Davis took a sudden turn for the worse. His blood pressure crashed. The family got a call to come to the hospital — this time to say goodbye.
Hospital restrictions were tight because of the pandemic. Wilson was on her fiance's approved list to be in the room. But when his son and daughter were able to rush to the hospital, she insisted on swapping out her place for his children. Davis was Wilson's soulmate she says, and she wanted to make sure his children got to say their goodbyes in person.
Keith Davis died on June 25, 2020, at the age of 57.
"I just wanted to continue to do the things that he and I — we would do," Wilson said. "We were going to go learn sailing that September, so I just threw myself into a sailing course. It's not the same. I did as much of the stuff that I was able to."
She started to think about kleanYa again —and the groundwork for the product she had started with Davis.
"I want people to know about him," Wilson said.
With the help of family and friends, a website was built. A logo was created. Working on kleanYa turned into a way for Wilson to process her grief.
But it wasn’t easy. One of the most challenging parts was getting approval from the Food and Drug Administration. And then there was the fact that she was working on a project that was a constant reminder that the man she had planned to spend the rest of her life with wasn’t there.

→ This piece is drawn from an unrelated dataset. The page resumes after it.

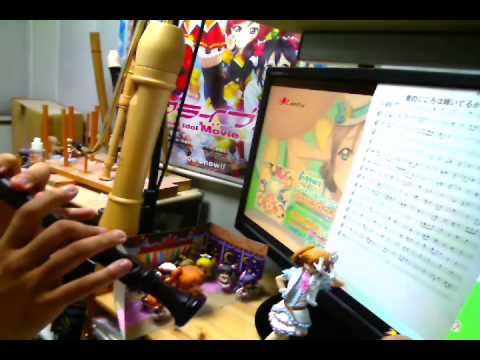 ラブライブ!サンシャイン!![君のこころは輝いてるかい？]リコーダー4重奏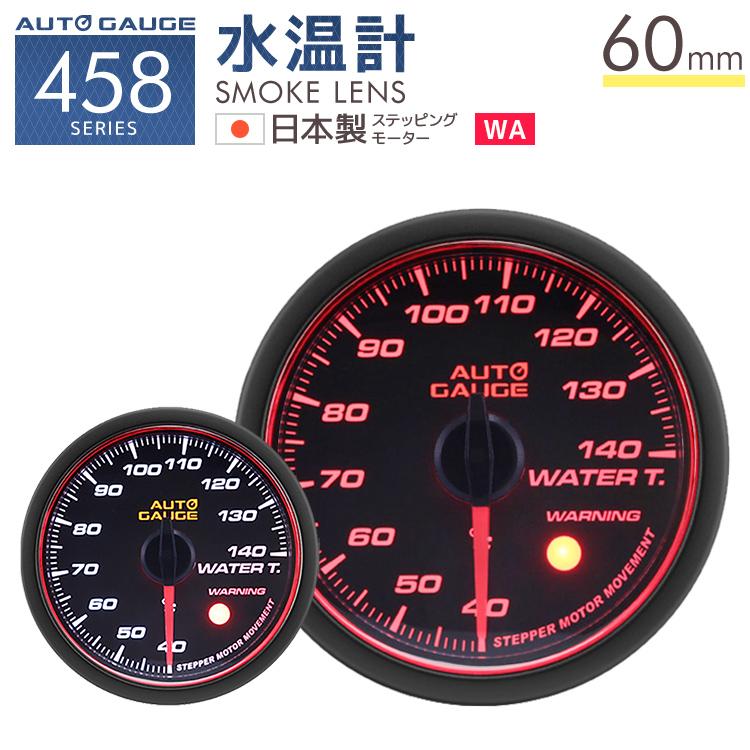 Autogauge 水温計 オートゲージ 60f 日本製モーター Aリング 458 精度誤差約 1 の正確な追加メーター 後付け 車 メーター W Class 通販 Paypayモール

"There were several times that I was like, I just want to pull the plug now," Wilson said. "You have work, and you have life. And I mean, on top of it, you have this support that you missed."
She pushed through.
She decided one night to stay up as long it would take to finish the FDA paperwork. She hit submit. Within a week, she was notified she could move on to the next step of the registration process. She felt like Davis had been there with her the entire time. When she got the news the FDA paperwork was filled out correctly, she said she looked up.
"I'm like, 'Hey, you're there,'" she remembers saying. "'You're with me.' I felt that way, I mean, so many times."

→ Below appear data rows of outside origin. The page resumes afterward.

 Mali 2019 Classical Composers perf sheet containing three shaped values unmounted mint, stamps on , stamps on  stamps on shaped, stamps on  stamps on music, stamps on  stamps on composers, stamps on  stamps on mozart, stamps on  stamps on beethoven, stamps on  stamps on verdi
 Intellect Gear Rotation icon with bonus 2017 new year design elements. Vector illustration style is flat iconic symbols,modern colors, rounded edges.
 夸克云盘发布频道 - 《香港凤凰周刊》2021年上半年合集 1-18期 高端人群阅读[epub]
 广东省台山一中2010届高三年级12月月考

Wilson's goal is to turn kleanYa into a nonprofit that will support other families who have lost loved ones to COVID-19. She hopes to reach that nonprofit status by Dec. 11, 2021. That will mark the anniversary of launching kleanYa — and it’s Davis' birthday.

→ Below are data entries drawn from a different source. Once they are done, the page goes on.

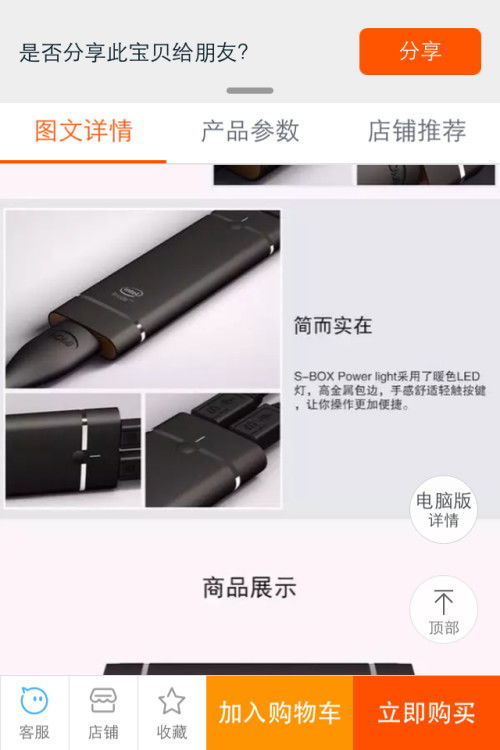 详细教你win10专业版安装教程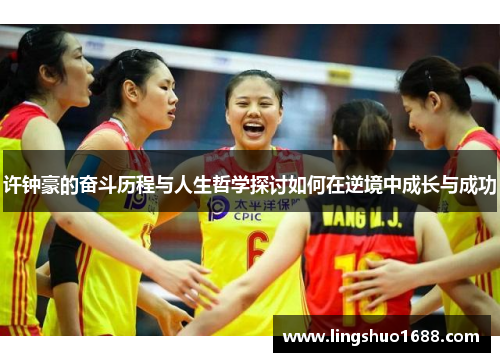 许钟豪的奋斗历程与人生哲学探讨如何在逆境中成长与成功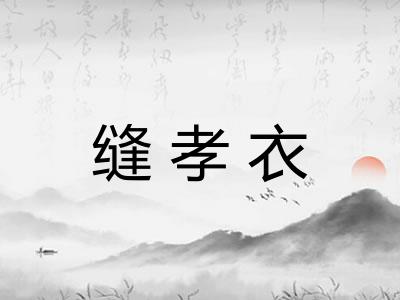 缝孝衣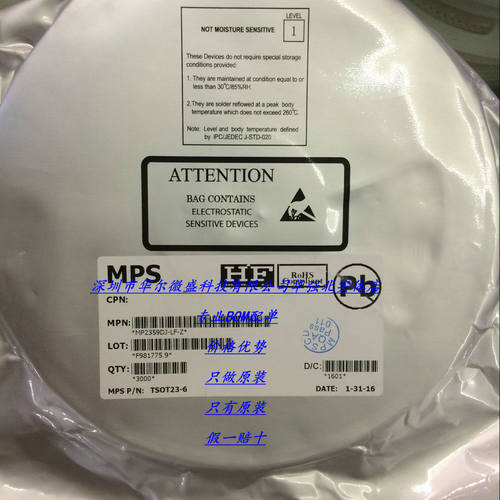 MP1591DN-LF-Z 主营MPS电源芯片 只做全新原装 MP1591DN 贴片SOP8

Wilson said she knows Davis is still watching over her. One of the ways she stays connected to him is by listening to his voice. She kept all 27 voicemails he left her over the course of their relationship.
"I listen every day," she said. "It's a ritual. Every day I listen to his voice."
Their relationship was short in time, but Wilson says it was meaningful in what she and Davis were able to accomplish together.
"It was very short, but sometimes short doesn't mean nothing," she said. "And he's here in spirit."
When Wilson listens to Davis' voice, when she works on the product she had dreamed up with the person she loves, she says she feels like she can get through another day. She says Davis was a really great guy — and then corrects herself.
He is a great guy, she says. Having known him is part of what gives her the strength to keep putting one foot in front of the other.